Sri Lanka's main Muslim party said yesterday it will boycott a landmark tsunami aid-sharing deal between the government and rebels that is seen as a prelude to resuming stalled peace negotiations. The announcement compounded worries for the shaky minority government.
The Norwegian-brokered deal signed on Friday between Colombo and the Tamil Tigers has been widely hailed as a prelude to restarting peace talks between the two sides.
But Muslims said they feared it would make them more marginalised.
The Sri Lanka Muslim Congress (SLMC) party said they had been ignored in the deal clinched in secret despite Muslims being a "principle stakeholder" in embattled regions.
"We want a review of the joint mechanism and if not we will not participate in it," SLMC leader Rauf Hakeem said.
"We must have some mechanism (to deliver tsunami aid), but this is not the way to go about it."
Hakeem said their demands went beyond mere representation in the three-tier mechanism set up on Friday and they wanted to be recognised as a key stakeholder.
"We have been relegated to a secondary minority community, but everyone knows without our co-operation this cannot work."
Under the deal, the government and the Tigers will jointly handle millions of dollars in foreign aid for survivors of the December 26 tsunami, which killed at least 31,000 people and displaced one million in the country.

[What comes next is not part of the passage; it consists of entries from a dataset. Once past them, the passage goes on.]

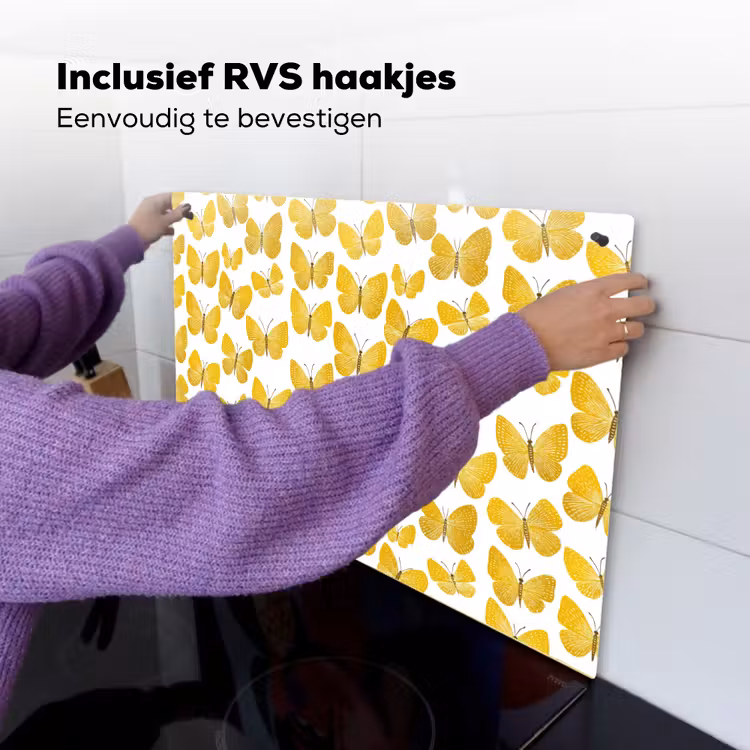 Vlinders - Botanisch - Illustratie - Geel - Wit Inductie beschemer met haakjes klein 777 -ky-ophangen-nl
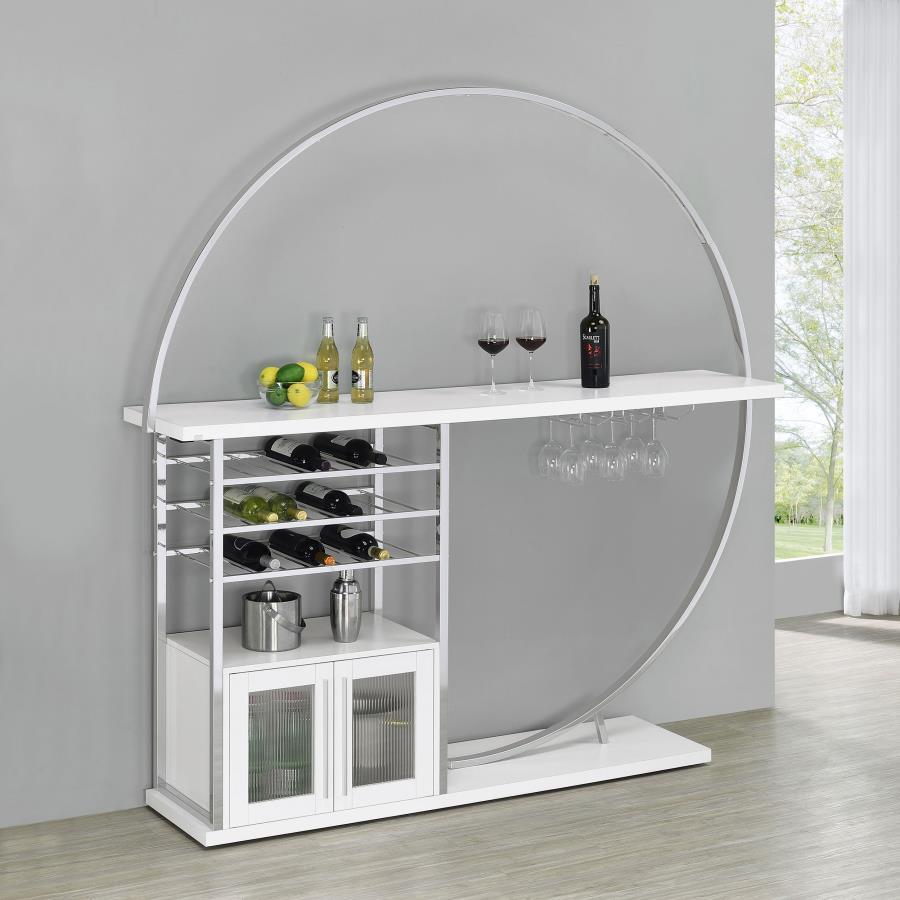 Risley - 2 - Door Circular LED Home Bar With Wine Storage Home Bars by Coaster Fine Furniture - Walls Furniture & Mattress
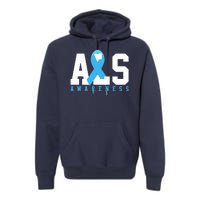 Als Blue Ribbon Awareness Premium Hoodie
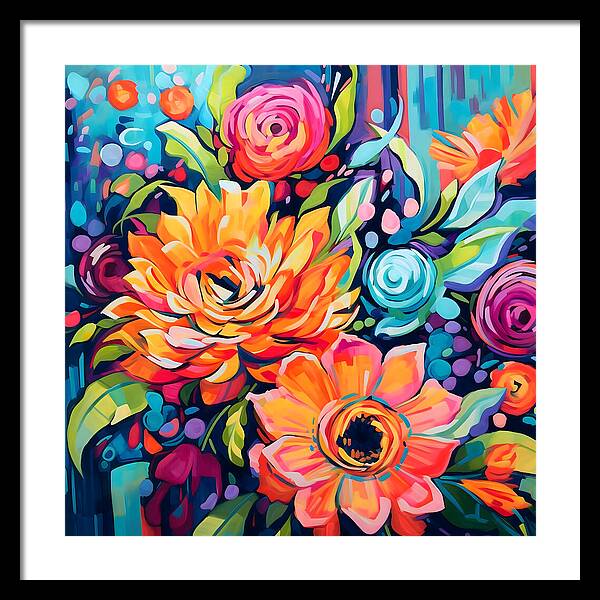 Rainbow Bouquet - Framed Print
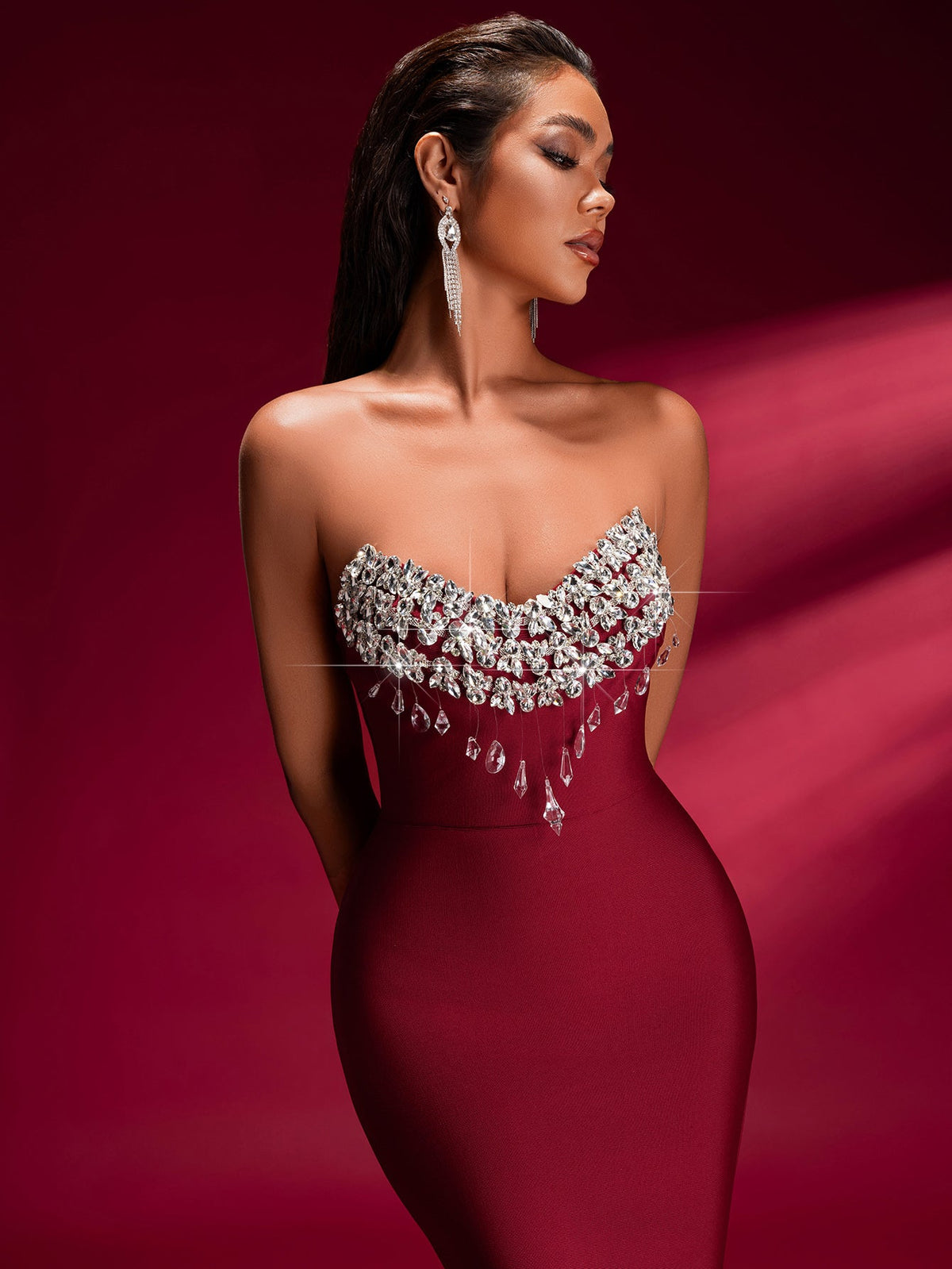 Isabella — Wine Formal Evening Gown, alternate view 2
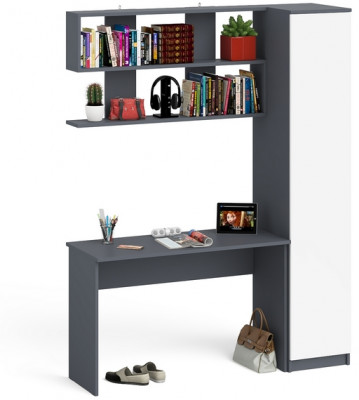 Мори Стол письменный МСП1200.1 + Пенал МШ400.1 + Полка 1200, цвет графит/белый, ШхГхВ 160,8х50,4х209,6 см., универсальная сборка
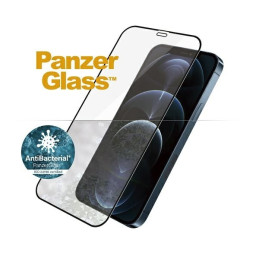PanzerGlass E2E Super+ Microfracture antibakterinis grūdintas stiklas, skirtas iPhone 12 Pro Max – su juodu rėmeliu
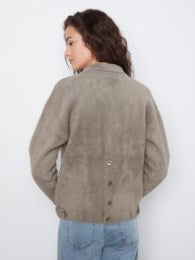 Eyelash Yarn Denim Style Jacket
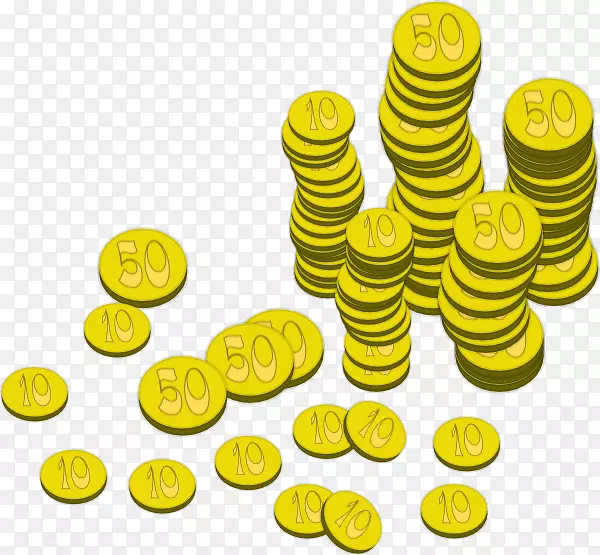 英镑货币英镑标志硬币剪贴画卡通硬币PNG剪贴画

Hakeem said the party will use "non-co-operation" as a political tool to force the Liberation Tigers of Tamil Eelam (LTTE) and government to review the deal.
Muslims are Sri Lanka's second-largest minority after Tamils and account for about 7.5 per cent of the country's 19.5m population. The majority Sinhalese represent 70pc while the rest are ethnic Tamils.

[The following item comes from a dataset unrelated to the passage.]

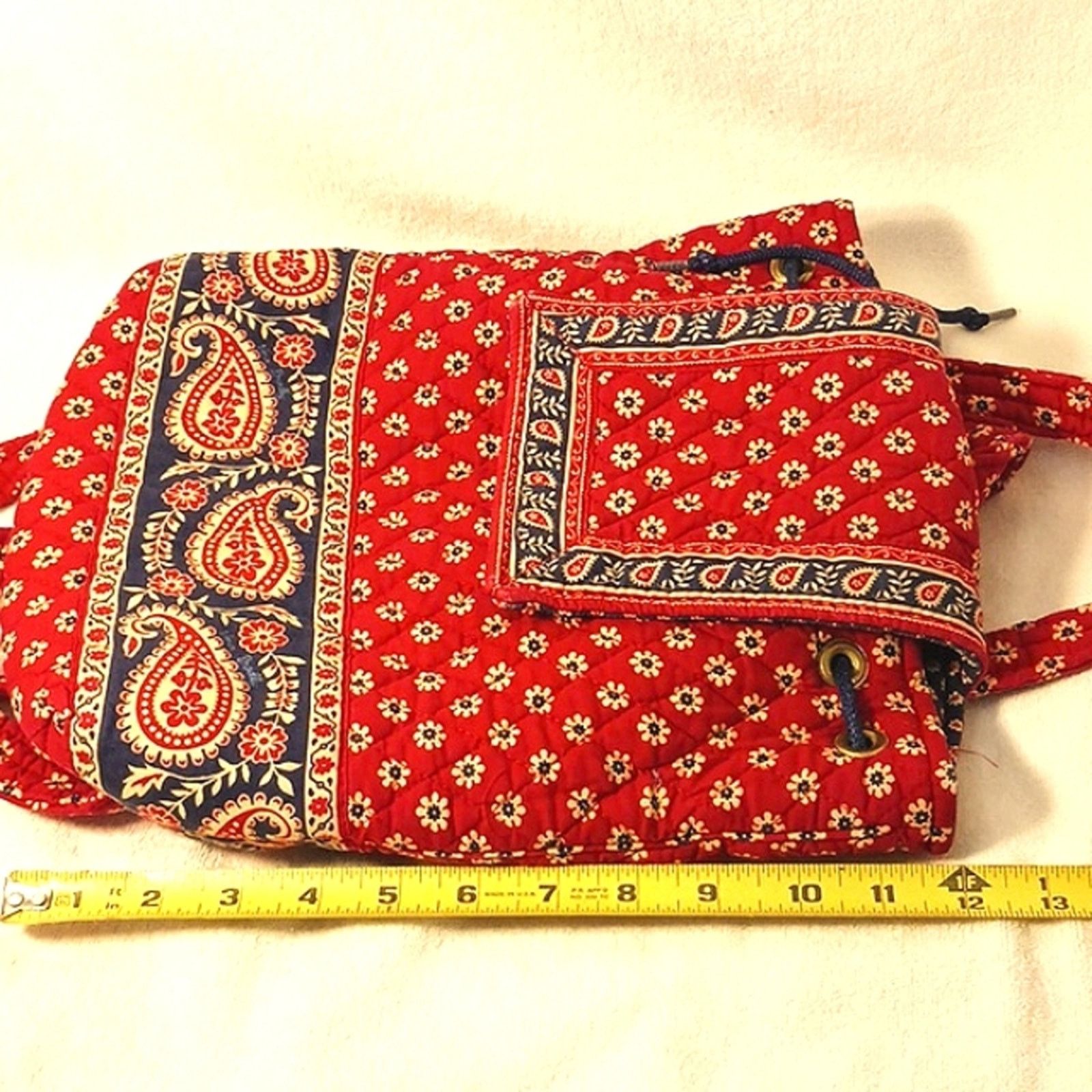 Vera Bradley Backpack VERA BRADLEY Red Blue Boho Travel Paisley QUILTED Size ONE SIZE - 12 Thumbnail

Hakeem, who is a member of parliament and has six legislators with him in the 225-member national assembly where President Chandrika Kumaratunga's government is a minority, said he was asking other Muslims to unite with him.
Most of the tsunami destruction was in the embattled north and east, much of which is dominated by the Tigers.
But Muslims say more than half the victims were from their community and therefore they should have a greater voice in aid distribution. The Muslims fear such an agreement would ignore their aspirations.